Although the decision is certainly a win for Obama and Democrats, it's by no means a clear-cut victory. And while the Chief Justice is taking a lot of heat from the right, the way he handled the case might actually turn out to be a brilliant strategic move -- one that could very well define his judicial career, and could actually be the optimal outcome for Republicans.
To explain -- and I promise this historical detour will be worth it -- we should note unexpected parallels to Marbury v. Madison, the 1803 case in which the Supreme Court, in an opinion by Chief Justice Marshall, established that it had the power of judicial review: i.e. to declare federal laws unconstitutional. The very simplified background is this: The petitioner, William Marbury, had been nominated as a justice of the peace by President John Adams at the very end of Adams's term, right before Thomas Jefferson took office. The Senate confirmed the nomination.

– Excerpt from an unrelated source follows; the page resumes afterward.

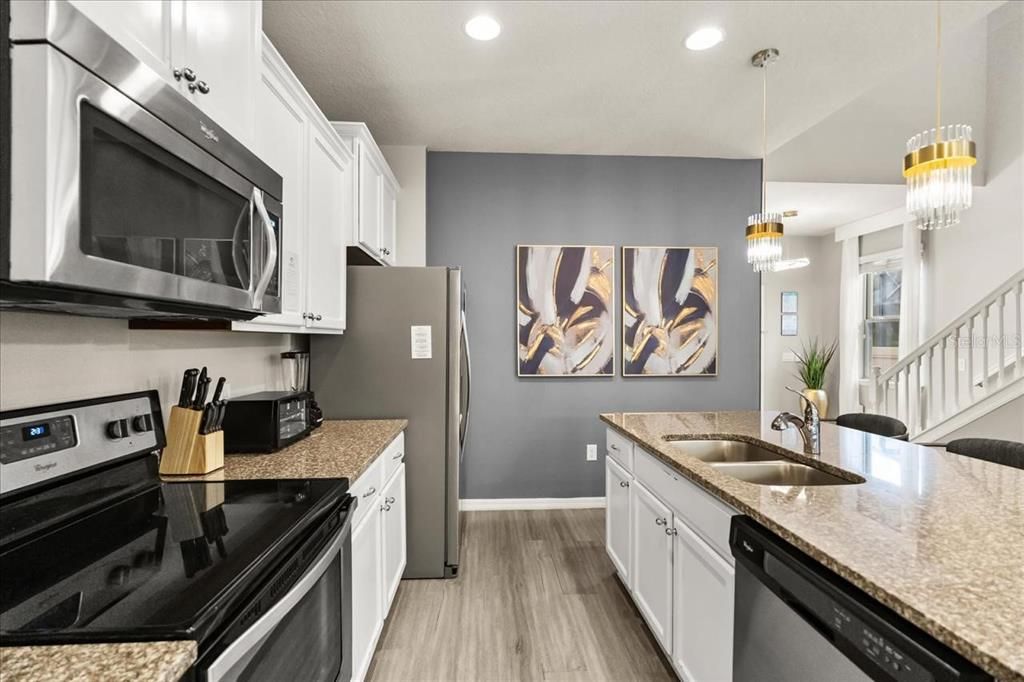 待售: $720,000 (7 贝兹, 5 浴室, 3314 平方英尺)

Unfortunately for Marbury, he never got his hands on his commission. Marbury's nominations had been part of a large slew of judicial nominations pursuant to the Judiciary Act of 1801 -- a statute passed by the Federalists after the 1800 election as a last minute attempt to stack the bench with Federalist judges before Jefferson and his party took office. Once Jefferson was sworn in, his secretary of state, James Madison, refused to deliver the undelivered commissions and the new Congress got to work repealing the Judiciary Act of 1801.

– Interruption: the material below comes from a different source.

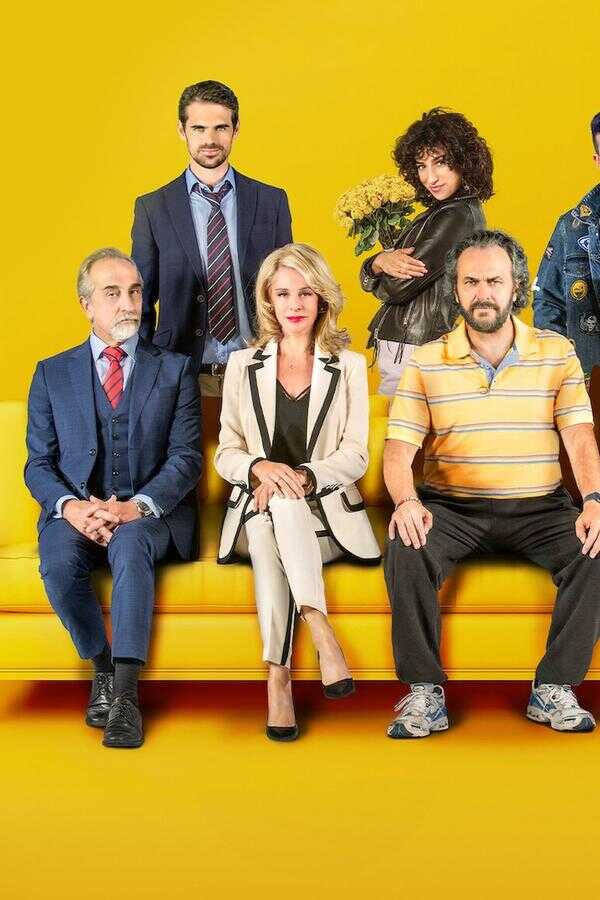 La familia perfecta (2021) 0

Marbury went to the Supreme Court, asking the Court to issue a writ of mandamus -- an order telling Madison he had to deliver the commission to Marbury. The Court was full of Federalists like Marshall, but Jefferson thought he had the justices boxed in. They could either rule that Marbury's rights hadn't been violated, vindicating Jefferson's supposition that the appointments did not need to be honored. Or they could issue a writ of mandamus ordering the secretary of state to deliver Marbury's commission. But Jefferson would likely have simply ignored it, in which case the Court's credibility would have been permanently damaged.

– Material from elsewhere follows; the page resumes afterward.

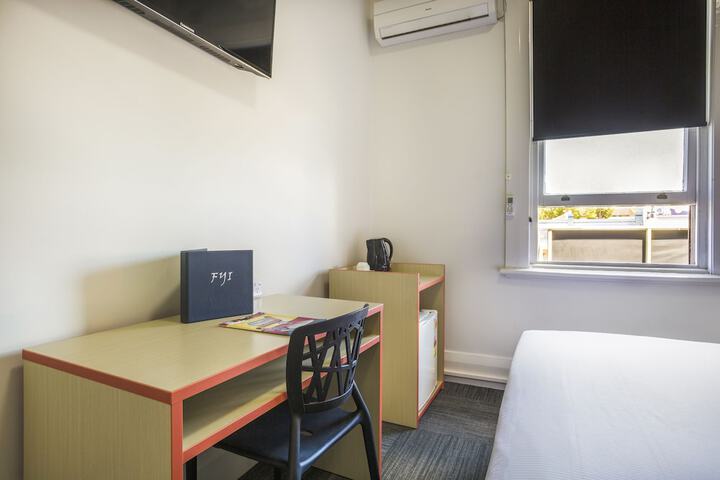 Room 12 of 53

Chief Justice Marshall did something no one expected: writing for the Court, he ruled that Marbury's rights had been violated, thereby refusing to give a judicial imprimatur to Jefferson and Madison's actions. But his opinion did not issue a writ of mandamus that the Administration could simply ignore. Instead, it provided no remedy to Marbury, because of a technicality: The statute under which he had sought mandamus relief authorized such petitions to be filed directly in the Supreme Court. But Marshall concluded that that statute was unconstitutional, because in the Court's reading it could only authorize appellate jurisdiction over mandamus suits. In doing so, the Court built its own power and prestige by establishing that it had a power it was not necessarily assumed to have before: the authority the strike down federal statutes that violated the Constitution. But in doing so, the Court gave Jefferson absolutely nothing he could use politically: the opinion clearly rebuked his actions, but it didn't give him an order he could defy.